We weren’t very nice to each other in our younger years. She hated me. She had good reason too. For three blissful years, Laura had happily existed as the youngest member of our family. Then I came along and had the nerve to be born. Straight away, her life was ruined. I stole her house, her family, half her bedroom and for one very sleepless winter, half of her bed. She didn’t just roll over and take it. She made her dissatisfaction with the situation very clear. She drew an invisible line down the center of the room and threatened me with death if I were to even think of crossing it. I stayed on my side with my filthy mess for as long as I could. Of course, this was impossible as the door was on her side of the line.
It was a constant worry to my mother that we fought too much. We spent our days shouting and punching each other and trying to make each other suffer as much as possible. Of course out biggest fight was to be our last. Laura had just gotten her braces removed and she was strutting around the house smiling and licking her teeth, cruelly rubbing it in my face that her teeth were straight and mine stuck out. I was a little jealous, I suppose. That night my mother went out and left the two of us to do the dishes. I hated doing the dishes. I couldn’t see the point of cleaning them if they were just going to get dirty again. There was always so many dished to do too. It was as if my mother would intentionally dirty every single dish in the house just so that we would have to slave over them for hours. We got started on the dishes. For a change, I got to wash and Laura was drying. At first we were getting along just fine but then Laura started to say things just to annoy me. I don’t remember exactly what she was saying. She was probably going on about her teeth and how great they were and how mine would have been straight if I hadn’t sucked my thumb.
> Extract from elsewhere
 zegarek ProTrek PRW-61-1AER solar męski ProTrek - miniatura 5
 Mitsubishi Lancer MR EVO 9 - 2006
I tried to ignore it but she kept going on about it, laughing and mocking and she dried the large black frying pan. I was getting angry now but I kept my cool until she bashed the frying pan off my shoulder. “Ouch!” I screamed as I turned around and smacked the frying pan upwards towards her face. I thought she had a tighter grip on the handle but I was wrong. The heavy, metal pan banged straight into her mouth. We looked at each other for in silence for about half a second as she stared at me, covering her mouth with her hand. Her eyes widened and she let out the loudest, most high pitched scream I had ever heard. She took down her hand, still screaming, and there was blood coming out of her mouth onto her hand.
I stood there looking at her, wondering why she was screaming so hysterically as if someone had stabbed her when I all I had done was burst her lip or something. “My tooth! My tooth!” she screamed in between her high pitched squeals. I looked down in her hand where she was little bits of white glistened in the pool of blood. Realizing that I had just maimed my sister, I decided that the only way to cope with the situation was to become just as hysterical as her. With her screaming and me crying, I ran after her trying to fix her tooth. “Put it in milk! Put it in milk!” I had seen an episode of ‘999 Rescue’ on the television where a girl got her tooth knocked out and she put her tooth in milk and then back in her mouth and it somehow reattached itself to her gum. Of course this wasn’t going to work as i hadn’t knocked her tooth out but rather smashed it into little pieces of which she was now in her hand while running up and down the kitchen. We ran around the kitchen for a while, her screaming and me crying “I’m sorry” until my mother burst in, convinced one of us was on fire. She managed to calm Laura down eventually and after a few hours was able to pry the little pieces of tooth from her hand and into the bin. I was convinced at this point that my life was over. I would forever be known as the girl who turned her sister into a toothless freak. I would be thrown out of school and be forced to stay inside for the rest of my life, forever ashamed of what I had done. I rocked back and forth on the stairs where I received a brief lecture from my mother on the terrible consequences of fighting. I wished she had given me this lecture before I had attacked my sister with a frying pan and ruined her chances of ever having a happy life.
Naturally, Laura didn’t talk to me for a few days. I went to the shop and bought her a magnum ice cream and a packet of crisps as an apology. She knew I was genuinely sorry because magnums were really expensive. She started talking to me and after a couple of trips to the dentist, she looked fine. We never really fought after that. More importantly however, I never had to do the dishes again.